Inizialmente, l’orientamento dei gruppi è stato quello di «eliminare il controllo esterno, in base al principio dell’autogiurisdizione degli organi costituzionali». Questo il 31 luglio, mentre poi una nuova bozza è stata discussa e votata ieri dalla Giunta per il Regolamento, che ha deciso all’unanimità di adottare il nuovo testo redatto da Antonio Leone (Pdl) e Gianclaudio Bressa (Pd) e di integrarlo con il principio della verifica dei bilanci dei gruppi da parte di una società esterna.

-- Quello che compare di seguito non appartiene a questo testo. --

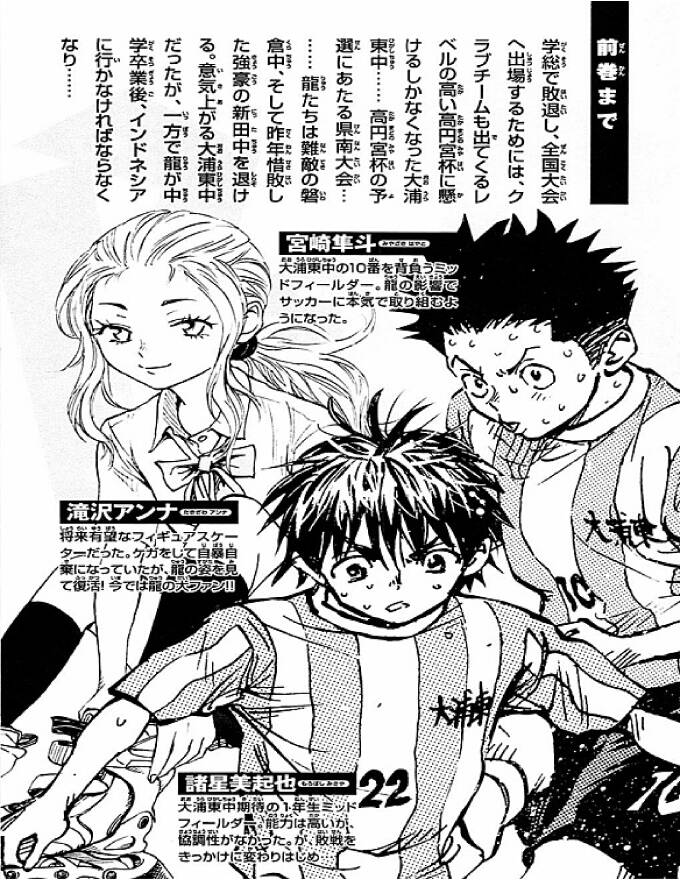 be blues! - ao ni nare chapter 58 3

Lieto fine per la vicenda, ed è bene che sia così. L’Avis di Legnano, tanto per fare un esempio, fa certificare da una società di revisione il proprio bilancio. È un’operazione che ha un costo, ma anche il notevole vantaggio di garantire la trasparenza delle operazioni fatte con i soldi dell’associazione da parte della dirigenza. Che, proprio come i parlamentari, amministra soldi non propri, ma della collettività.
Tornando a Montecitorio, non è tanto l’atto finale a contare, bensì il tortuoso cammino che ha portato alla delibera. E si torna alla citazione che riportavamo in apertura. In un momento in cui l’occhio dei media e dell’opinione pubblica è particolarmente puntato sulla politica e sui suoi costi, si poteva evitare questo testa coda. In nome della spending review e della riduzione del deficit di bilancio i cittadini stanno affrontando duri sacrifici (secca la battuta di Maurizio Crozza al ministro del Lavoro Elsa Fornero, martedì sera a Ballarò: «Fornero, vuole un rene?!»).
Al contempo, sono tristemente note le peripezie finanziarie del Consiglio regionale del Lazio, le cui vicende assumono tinte sempre più tragicomiche. In questo clima, tentennare per introdurre una procedura che va in direzione di una maggiore trasparenza nell’amministrazione dei soldi pubblici non è certo una mossa astuta. Il rapporto di fiducia tra cittadini e politica è molto teso, e più saggio sarebbe cogliere le occasioni per dimostrare una reale volontà di cambiamento, piuttosto che barricarsi dietro un’acrobatica interpretazione dei principi costituzionali, salvo poi fare dietrofront nel momento in cui la notizia viene diffusa più del previsto, e allora bisogna correre ai ripari.